§ WORK REQUIRED: Find the line with "Sites similar to tutorialkredit.blogspot.com" in the data below. Repeat it and every line after it exactly, but not the pictures.

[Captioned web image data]

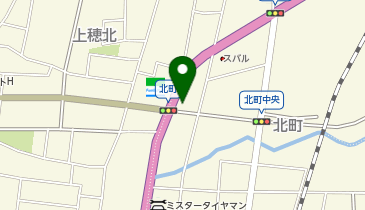南信洋服修理センターの地図画像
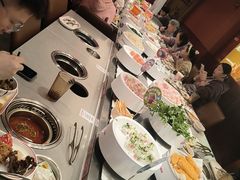 -龍歌自助小火锅(雨花台江南虹悦城店)
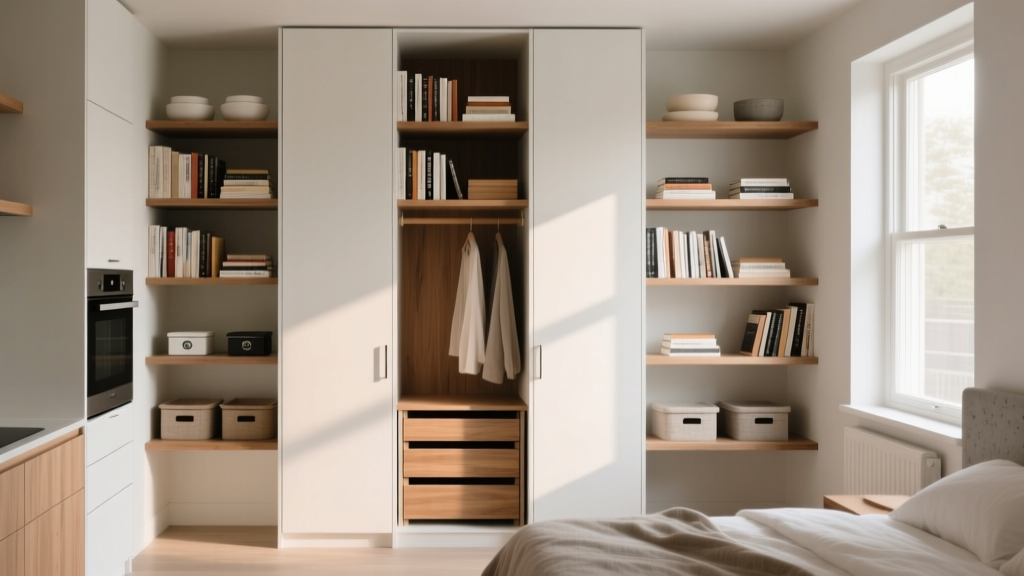 Bookshelf Weight Distribution Guide: Preventing Shelf Sag...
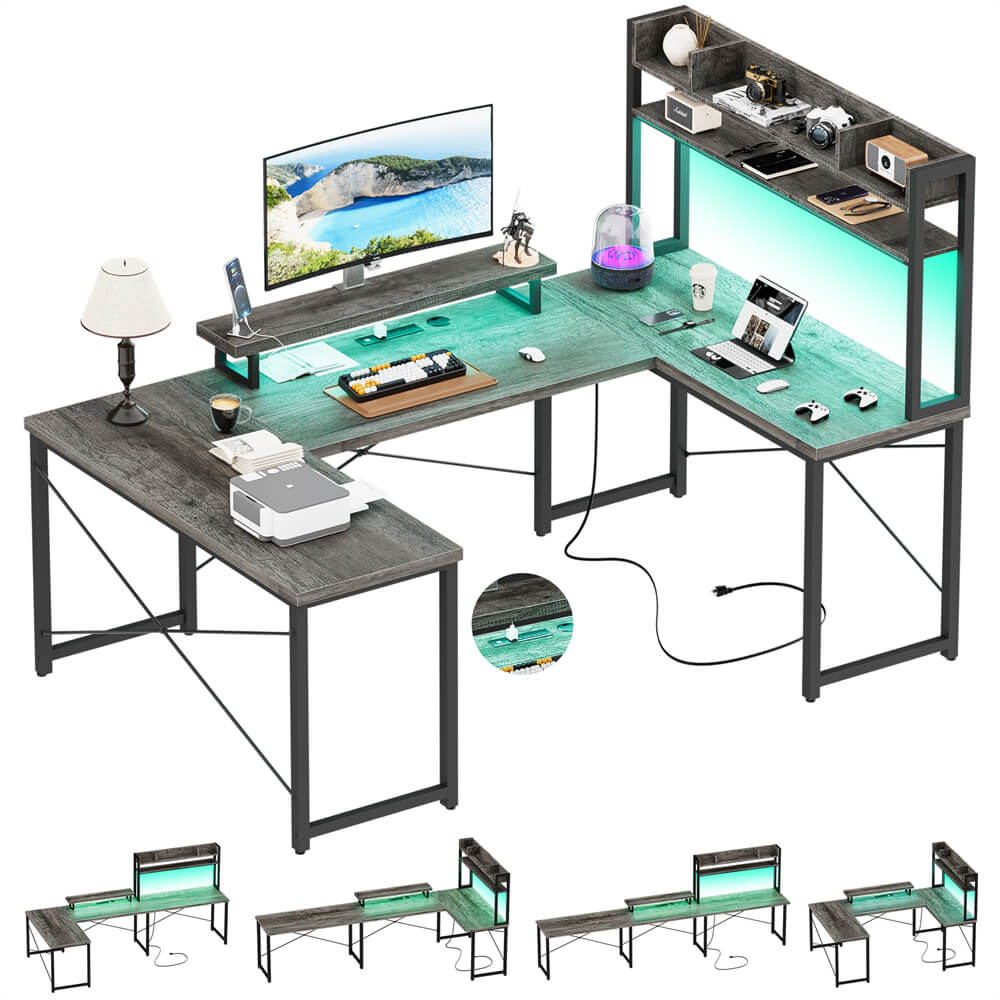san88☆】 desk (クルト デスク)unico Centro 6401 Office Desk by BDI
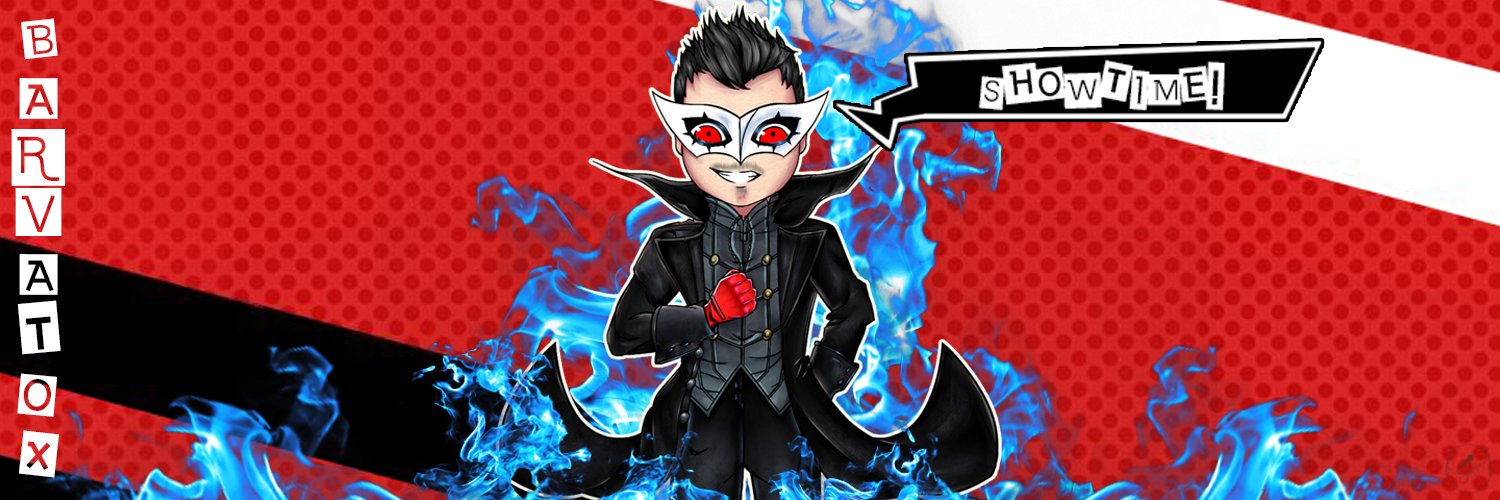 Barvatox's profile banner image
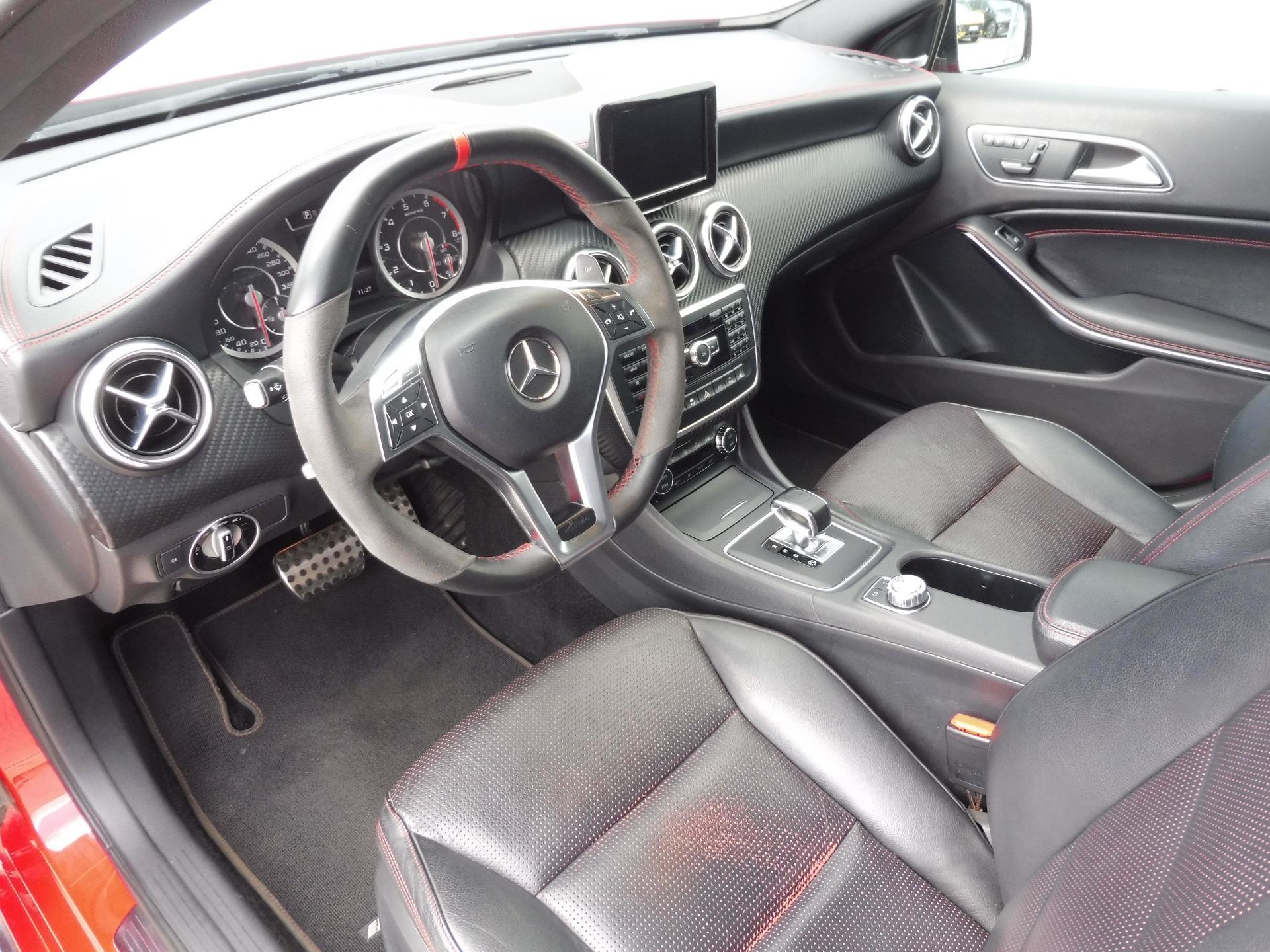 Mercedes-Benz Třídy A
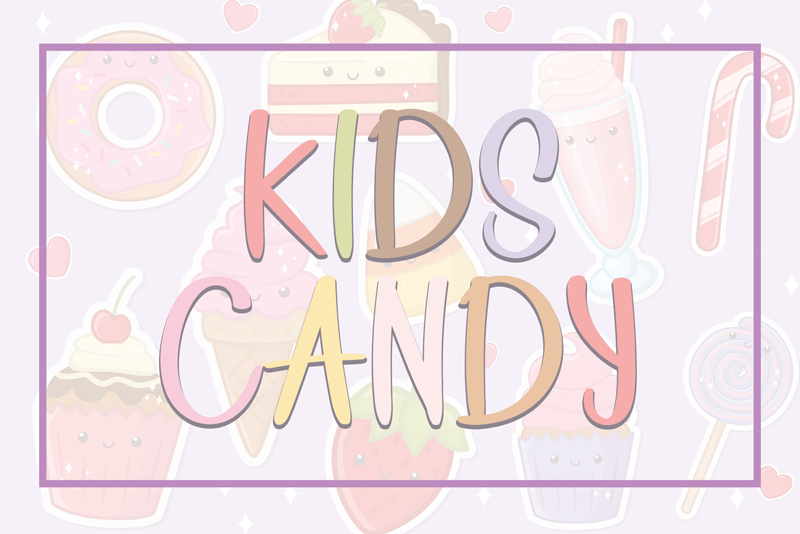 Kids Candy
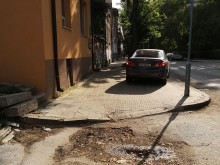 Пловдивска майка: Станах свидетел на висша шофьорска простотия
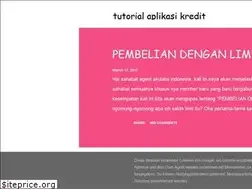 Sites similar to tutorialkredit.blogspot.com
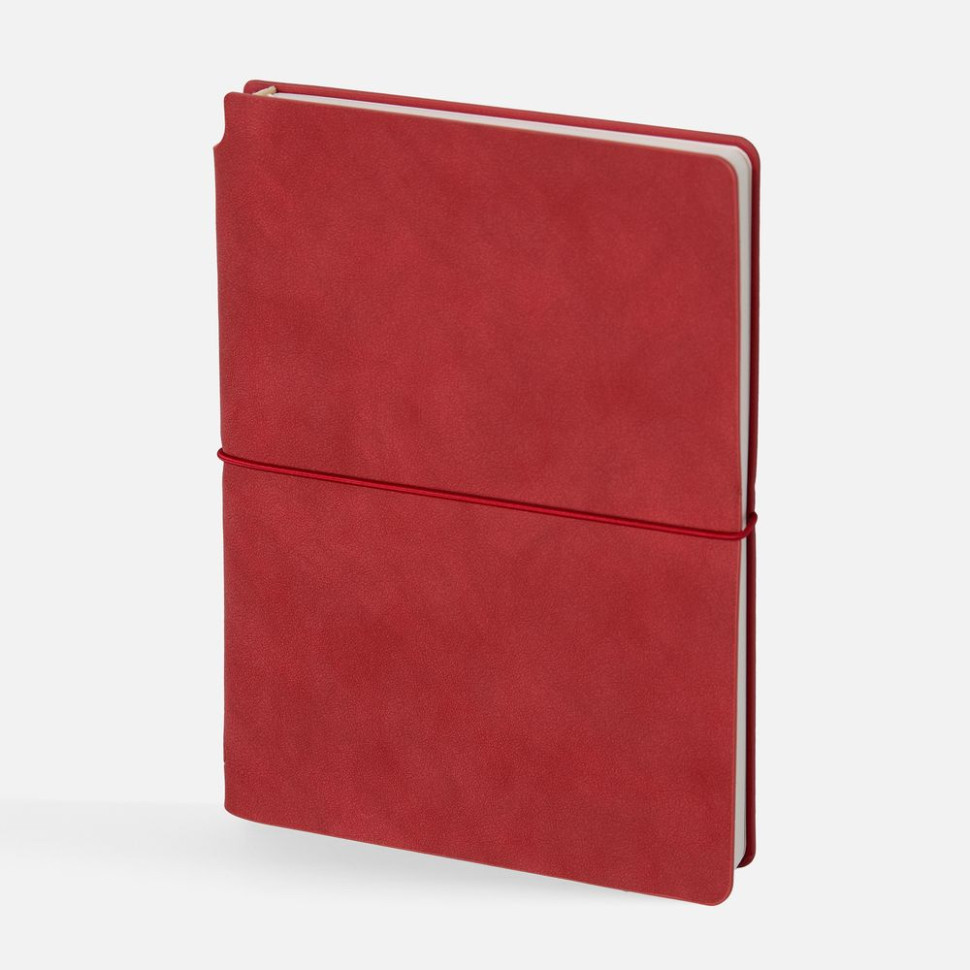 Ежедневник Kuka, недатированный, ver.2, красный Ежедневник Kuka, недатированный, ver.2, красный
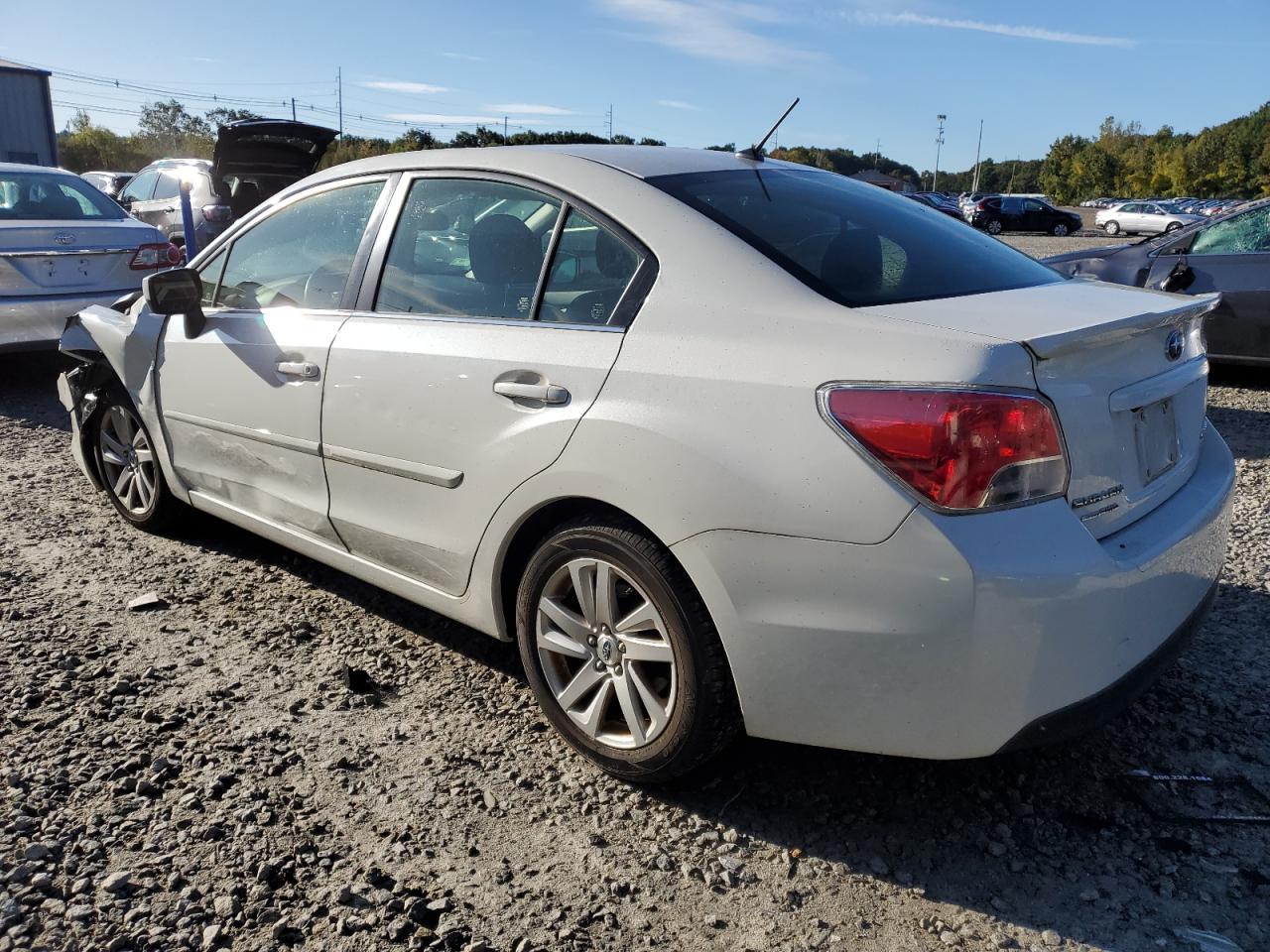 Image 2 of 2015 SUBARU IMPREZA PREMIUM 2015 with VIN JF1GJAC6XFH019527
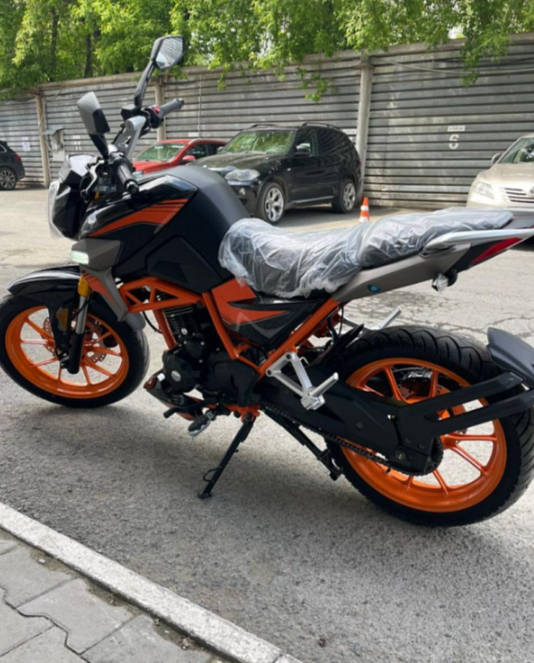 Мотоцикл NITRO 250 в Махачкале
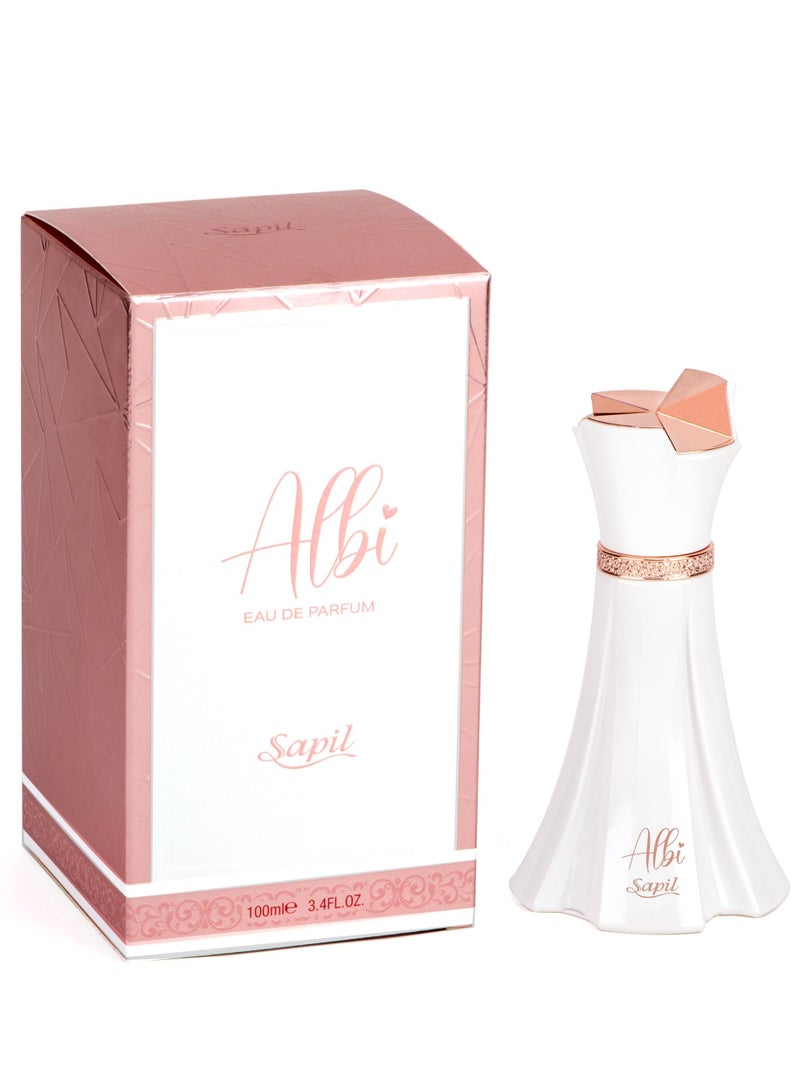 sapil ألبي أو دو بارفان 100 مل - Image 2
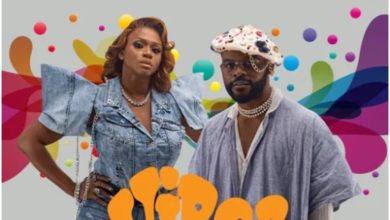 Waje – Vibes Ft Falz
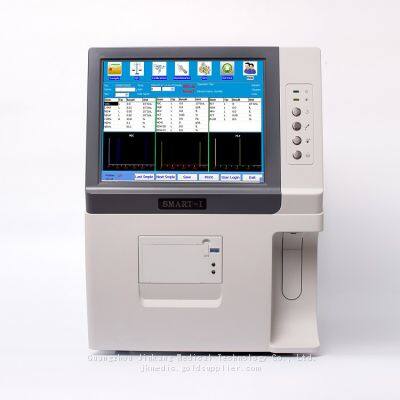 Auto 3 Part Hematology Blood Analyzer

§ WRITTEN ANSWER:
 Sites similar to tutorialkredit.blogspot.com
 Ежедневник Kuka, недатированный, ver.2, красный Ежедневник Kuka, недатированный, ver.2, красный
 Image 2 of 2015 SUBARU IMPREZA PREMIUM 2015 with VIN JF1GJAC6XFH019527
 Мотоцикл NITRO 250 в Махачкале
 sapil ألبي أو دو بارفان 100 مل - Image 2
 Waje – Vibes Ft Falz
 Auto 3 Part Hematology Blood Analyzer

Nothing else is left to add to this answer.